Monsters, Inc Chronicles
by RantyRandy
Summary: Monsters, Inc. had become a huge behemoth following the discovery of laughter as a source of energy, but when its future becomes unclear, its two executives struggle to fight competitors in a business war to keep the company afloat. NEWSFLASH: Sorry for taking so long to upload second chapter, but I have an exam to prepare for on Monday. I will update the story after the exam. THX!


"_Hey, good morning Montropolis! It's now five after the hour of six AM in the big monster city. The temperature's a nice seventy-three degrees and it looks like today's gonna be a perfect day to have a picnic outside – if you're into this kind of thing – cause it's gonna be sunny all the way! And now, Lucille Fearmonger with the news report…"_

The radio kept droning as the big blue monster lied uninterested in his bed, eyelids pressed together in a futile attempt to block out the annoying blabbering of the girl delivering her news report over the waves.
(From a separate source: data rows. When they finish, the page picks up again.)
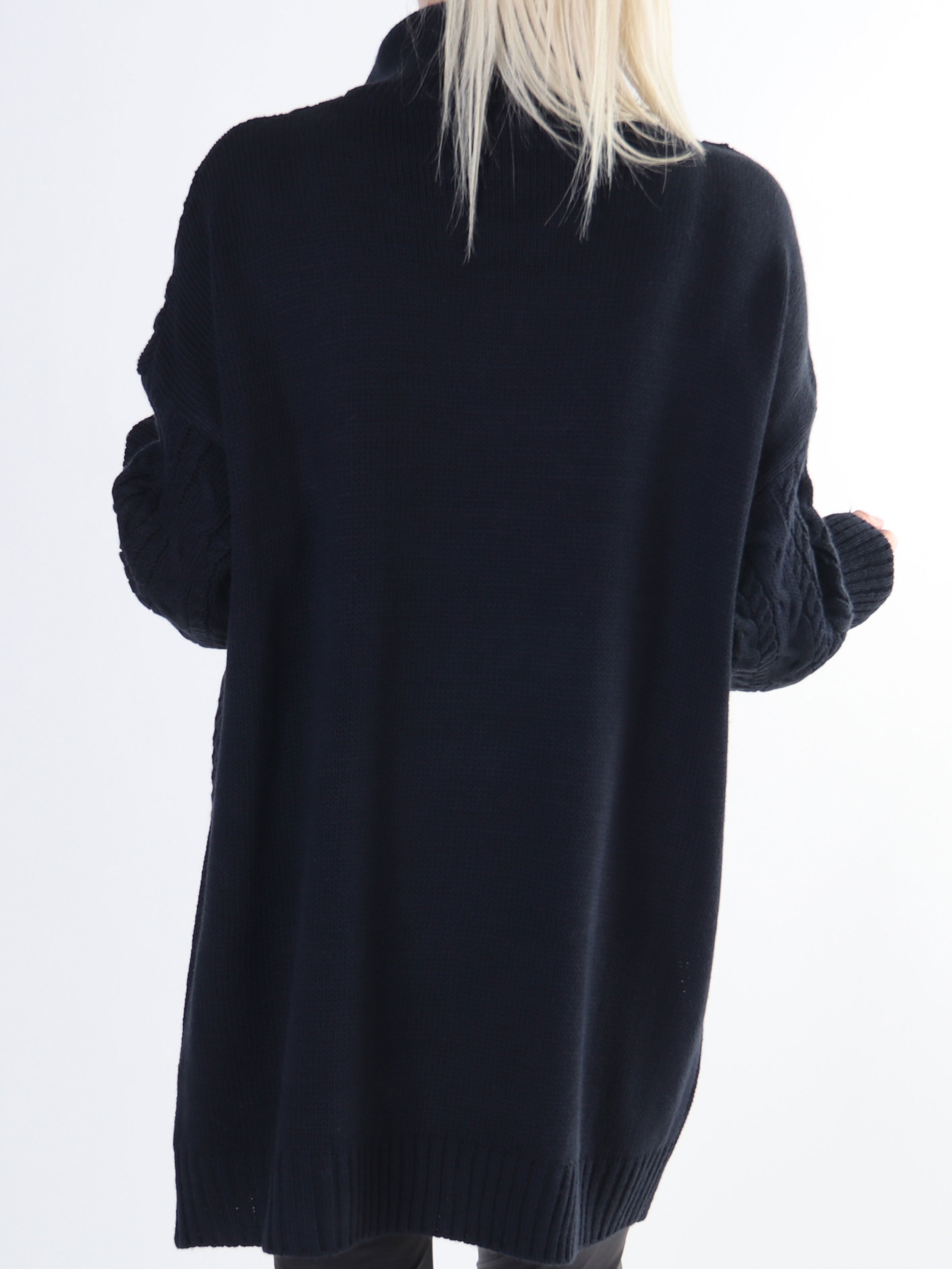 Esly - Plus size striktrøje i kabelstrik med lynlås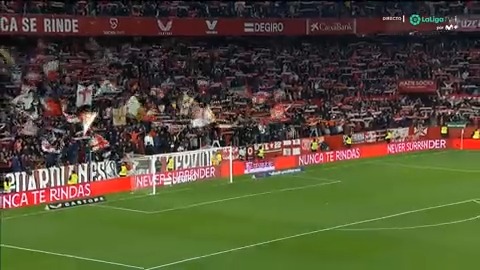 Se dejan la garganta fuera del estadio defendiendo su club. Se dejan la garganta dentro animando a su equipo. #LaCasaDelFútbol
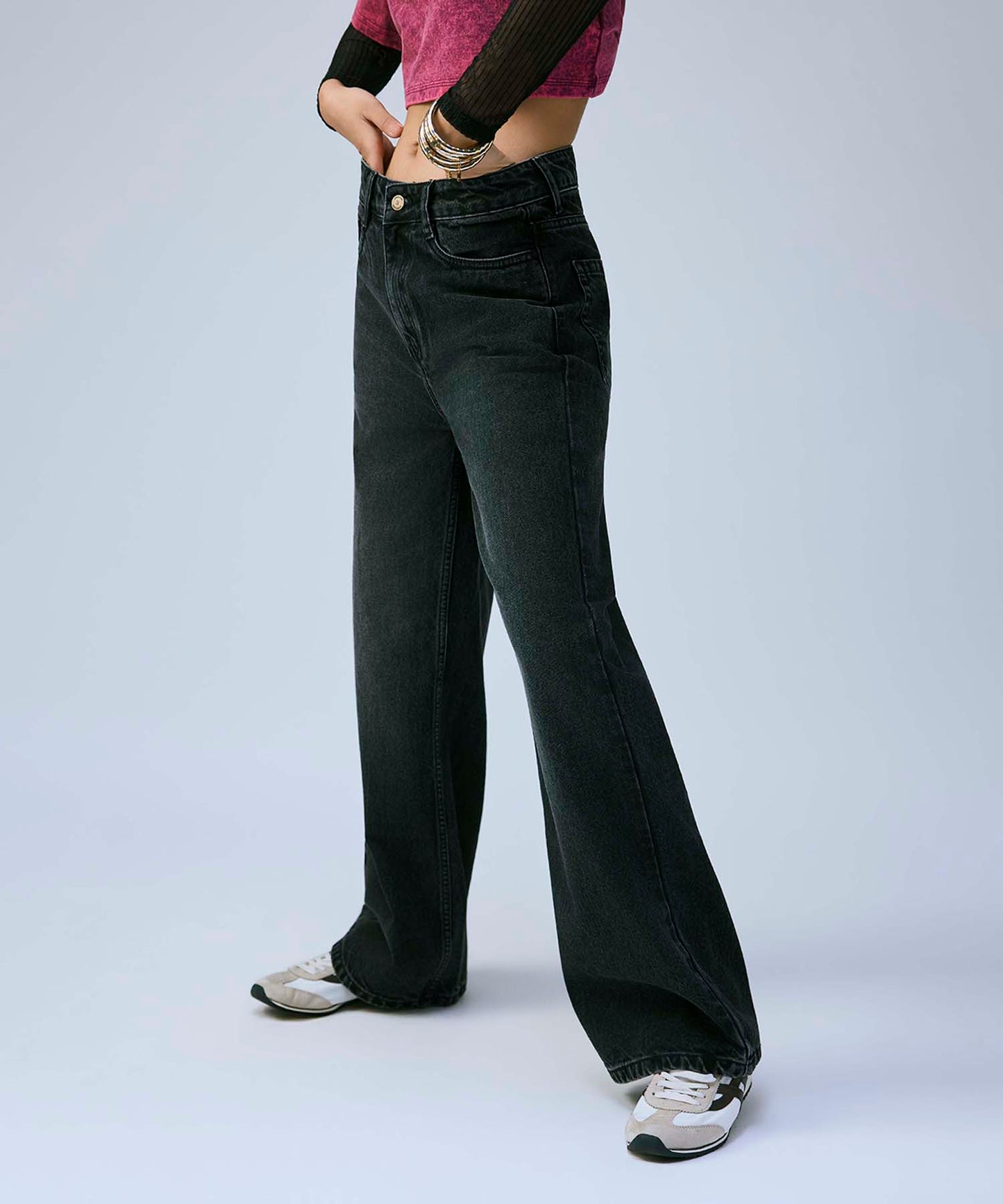 Black Infused Wide Leg Jeans women denim jeans by Ariiston India - fit detail view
After a while, his paw slid of the pillow and pressed the snooze button. "Dang!" Sulley barked in puny anger since he'd intended to turn the alarm off and not to snooze it. "This happens _every_ time," he noted aloud, remembering almost instantly that there was no one to hear him.

It had been seven months since Mike and Celia moved together to a new house – or rather, a mansion – that Mike had bought shortly after Monsters, Inc.'s sudden comeback. Sulley's home now was nothing like the near-dorm messy dwellings of other single guys in their early thirties, nor was it like a penthouse of your average big-company's CEO. Over the past months, it had become surprisingly barren: it looked like an apartment of an old widower who likes to keep everything in neat order, but tries to "live" (not live) in it as little as possible to avoid mess. In other words, it was tidy, but telling how much time had passed since the tidying.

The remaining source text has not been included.